**Work instruction**:
Somewhere below, one line contains "24870 SW 122nd Pl, Homestead, FL 33032 Photo" and a later line contains "Slide: The Image". Output those two lines and everything between them exactly, and nothing else.

**Data shown**:
━━━━━━━━━━━━━━━━

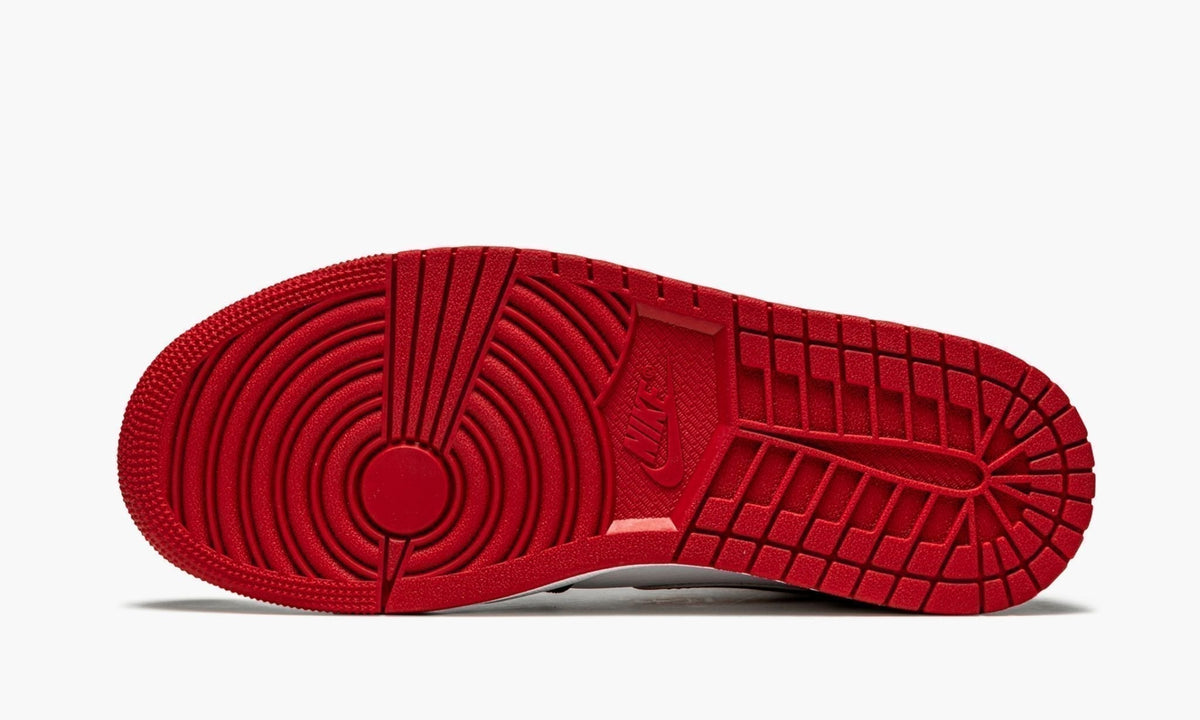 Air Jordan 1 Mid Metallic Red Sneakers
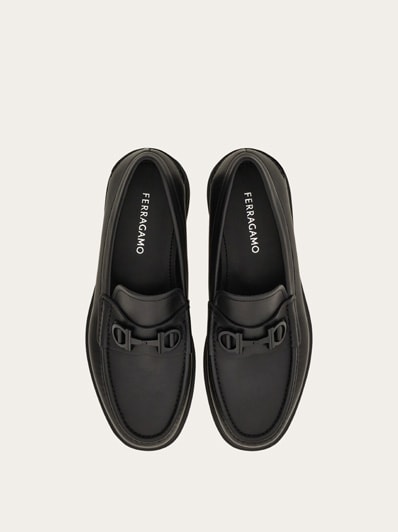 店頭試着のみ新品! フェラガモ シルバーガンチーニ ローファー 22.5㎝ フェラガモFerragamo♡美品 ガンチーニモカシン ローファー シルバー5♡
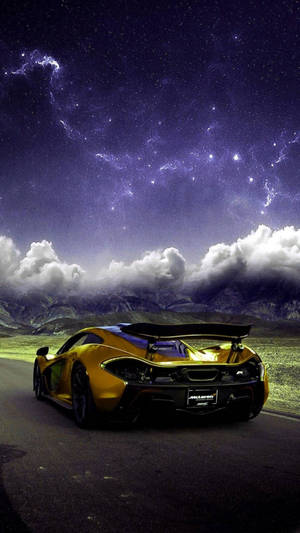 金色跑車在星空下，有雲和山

━━━━━━━━━━━━━━━━

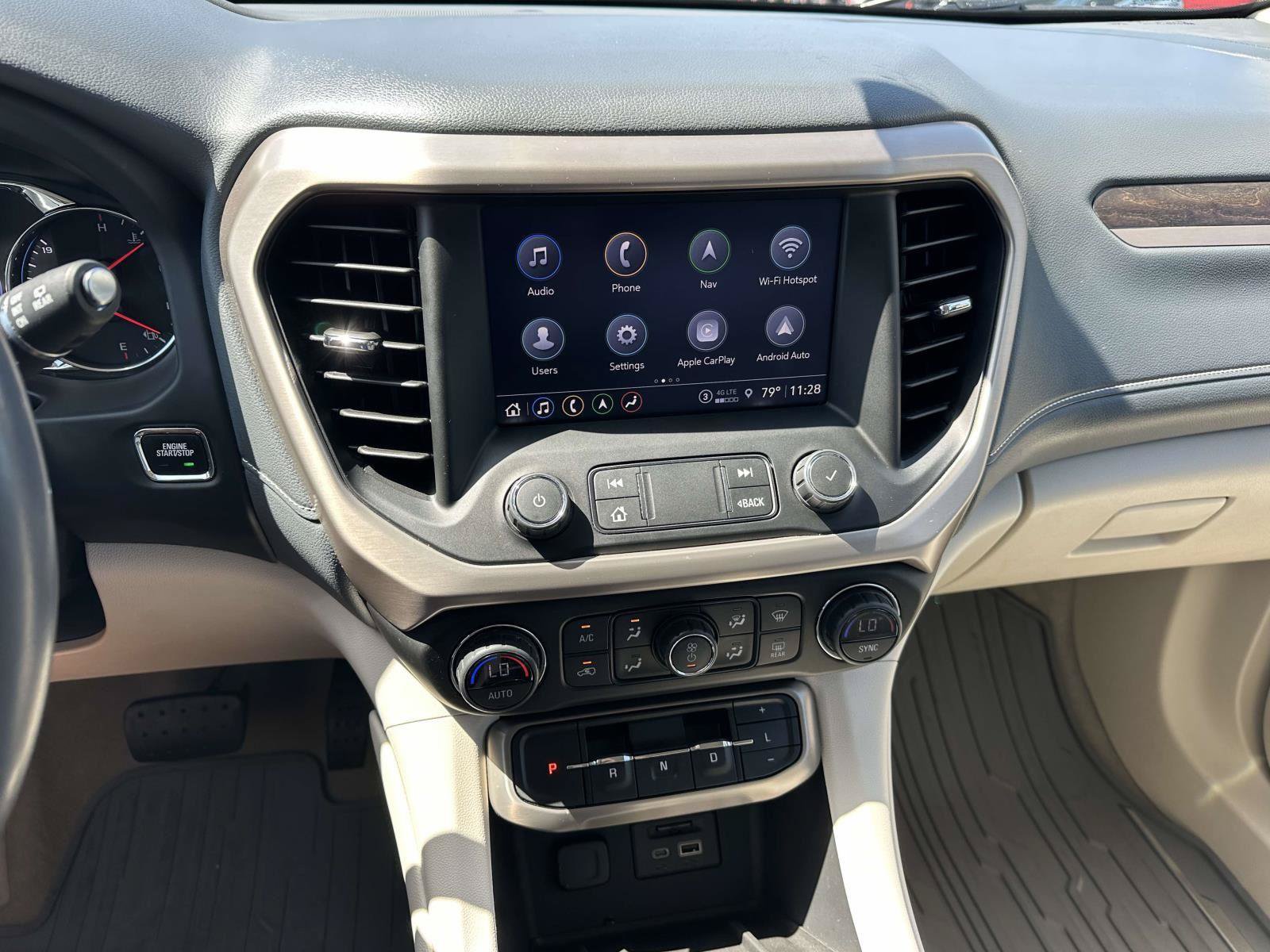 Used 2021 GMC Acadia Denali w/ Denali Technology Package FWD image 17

━━━━━━━━━━━━━━━━

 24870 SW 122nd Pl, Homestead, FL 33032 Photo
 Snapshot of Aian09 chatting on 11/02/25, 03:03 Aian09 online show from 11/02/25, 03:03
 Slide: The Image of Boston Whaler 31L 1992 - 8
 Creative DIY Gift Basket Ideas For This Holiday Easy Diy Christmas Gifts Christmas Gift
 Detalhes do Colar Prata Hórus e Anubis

━━━━━━━━━━━━━━━━

**Result for this task**:
 24870 SW 122nd Pl, Homestead, FL 33032 Photo
 Snapshot of Aian09 chatting on 11/02/25, 03:03 Aian09 online show from 11/02/25, 03:03
 Slide: The Image of Boston Whaler 31L 1992 - 8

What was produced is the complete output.